**Data listing:**

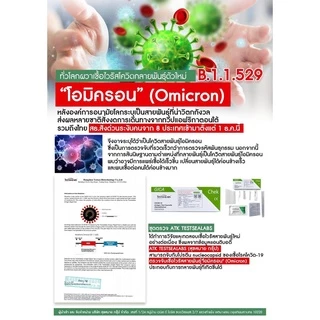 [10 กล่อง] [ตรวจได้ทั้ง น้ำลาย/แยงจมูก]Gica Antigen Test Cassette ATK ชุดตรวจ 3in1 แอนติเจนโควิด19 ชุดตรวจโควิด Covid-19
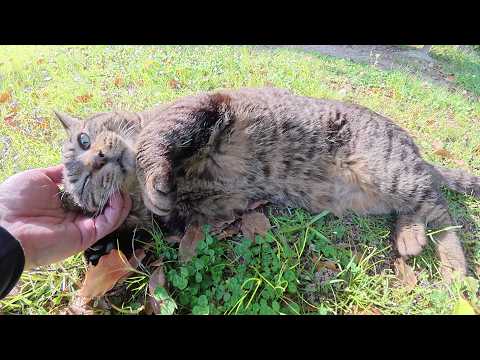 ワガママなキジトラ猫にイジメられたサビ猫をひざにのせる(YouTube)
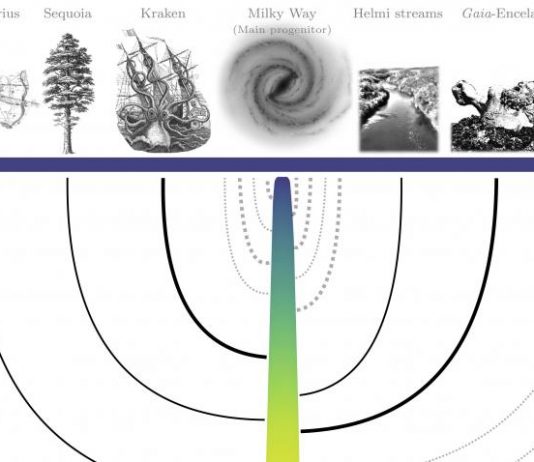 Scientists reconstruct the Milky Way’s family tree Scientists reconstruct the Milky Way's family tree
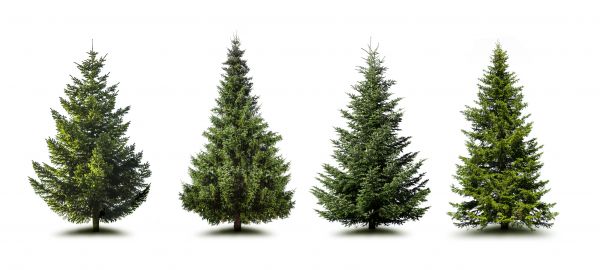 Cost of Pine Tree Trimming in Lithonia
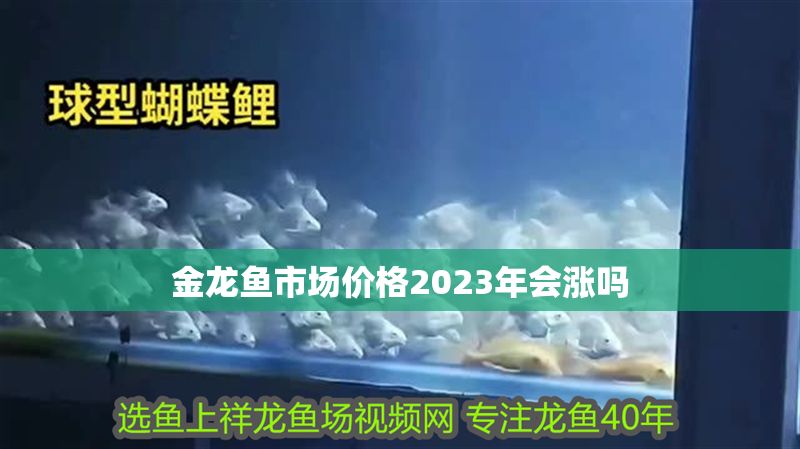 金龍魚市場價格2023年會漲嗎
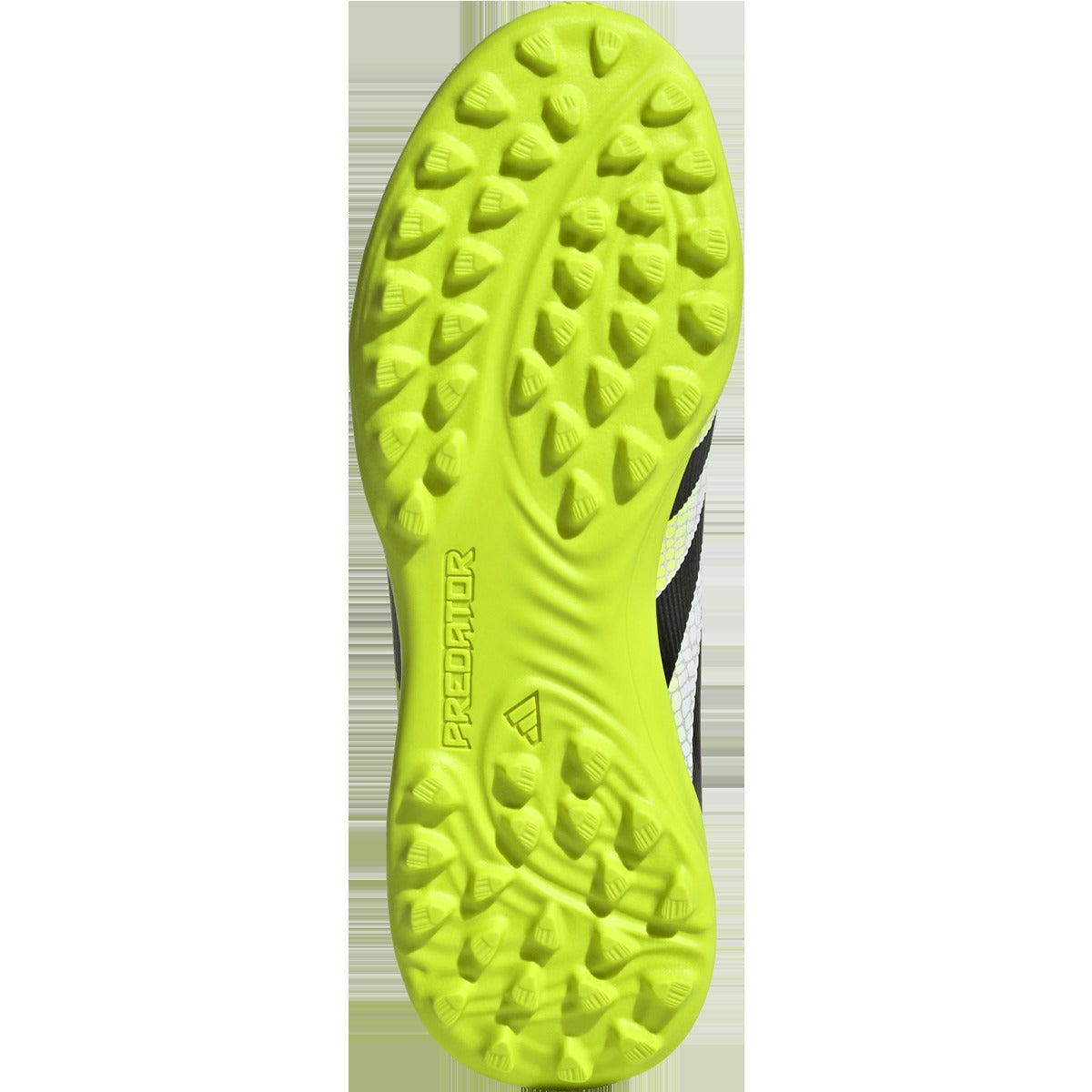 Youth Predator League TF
==
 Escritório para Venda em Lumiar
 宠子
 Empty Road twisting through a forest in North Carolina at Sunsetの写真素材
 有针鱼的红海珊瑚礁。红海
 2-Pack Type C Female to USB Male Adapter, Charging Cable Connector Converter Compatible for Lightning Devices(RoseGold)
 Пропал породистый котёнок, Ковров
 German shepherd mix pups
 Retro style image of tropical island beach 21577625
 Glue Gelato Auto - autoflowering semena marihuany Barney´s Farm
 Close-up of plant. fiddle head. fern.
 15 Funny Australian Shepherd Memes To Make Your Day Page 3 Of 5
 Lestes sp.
---
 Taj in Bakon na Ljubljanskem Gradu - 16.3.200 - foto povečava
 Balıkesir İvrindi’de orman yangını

**What the exercise asks:** Would you copy, word for word, only the lines above from the one containing "[10 กล่อง] [ตรวจได้ทั้ง" through the one containing "Youth Predator League TF", both included, and please leave out the pictures?

**Solution to this exercise:**
 [10 กล่อง] [ตรวจได้ทั้ง น้ำลาย/แยงจมูก]Gica Antigen Test Cassette ATK ชุดตรวจ 3in1 แอนติเจนโควิด19 ชุดตรวจโควิด Covid-19
 ワガママなキジトラ猫にイジメられたサビ猫をひざにのせる(YouTube)
 Scientists reconstruct the Milky Way’s family tree Scientists reconstruct the Milky Way's family tree
 Cost of Pine Tree Trimming in Lithonia
 金龍魚市場價格2023年會漲嗎
 Youth Predator League TF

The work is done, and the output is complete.